Pattern recognition receptors (PRRs) detect microbial products and stimulate the innate immune response to infections. BAI1 is a G protein–coupled receptor of the adhesion GPCR family and is also a PRR that binds to lipopolysaccharide on the surface of Gram-negative bacteria to facilitate their internalization by macrophages. Billings et al. found that BAI1 triggered the killing of the internalized bacteria by stimulating the production of reactive oxygen species. When engaged by bacteria, BAI1 activated Rac1 to stimulate the activity of the NADPH oxidase complex Nox2 in macrophages. Mice deficient in BAI1 were inefficient at clearing Gram-negative bacteria and were likely to die from the infection. Together, these data suggest that BAI1 connects bacterial internalization with their killing.

Abstract

The detection of microbes and initiation of an innate immune response occur through pattern recognition receptors (PRRs), which are critical for the production of inflammatory cytokines and activation of the cellular microbicidal machinery. In particular, the production of reactive oxygen species (ROS) by the NADPH oxidase complex is a critical component of the macrophage bactericidal machinery.

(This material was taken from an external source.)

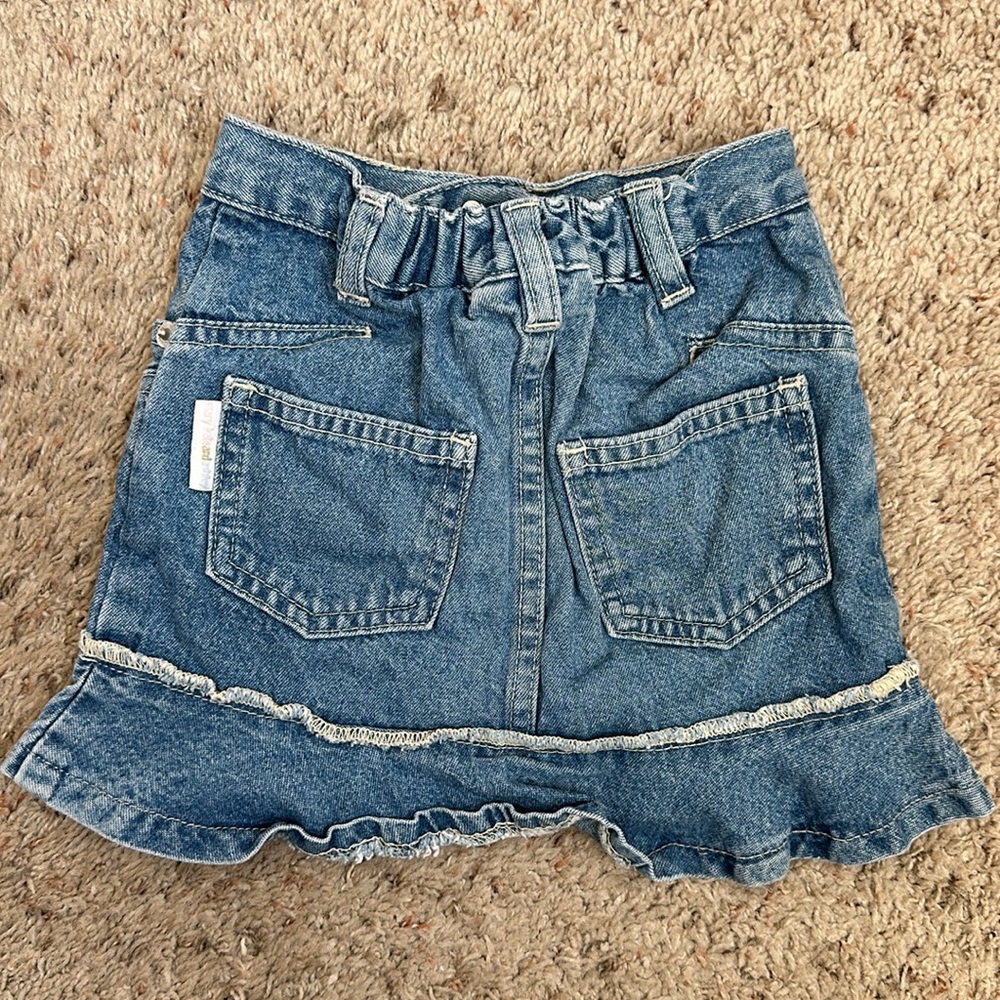 GIRLS Mary Kate and Ashley floral Jean skirt size 2T - Picture 2 of 7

We previously characterized brain-specific angiogenesis inhibitor 1 (BAI1), a member of the adhesion family of G protein (heterotrimeric guanine nucleotide–binding protein)–coupled receptors (GPCRs), as a PRR that mediates the selective phagocytic uptake of Gram-negative bacteria by macrophages. We showed that BAI1 promoted phagosomal ROS production through activation of the Rho family guanosine triphosphatase (GTPase) Rac1, thereby stimulating NADPH oxidase activity. Primary BAI1-deficient macrophages exhibited attenuated Rac GTPase activity and reduced ROS production in response to several Gram-negative bacteria, resulting in impaired microbicidal activity. Furthermore, in a peritoneal infection model, BAI1-deficient mice exhibited increased susceptibility to death by bacterial challenge because of impaired bacterial clearance. Together, these findings suggest that BAI1 mediates the clearance of Gram-negative bacteria by stimulating both phagocytosis and NADPH oxidase activation, thereby coupling bacterial detection to the cellular microbicidal machinery.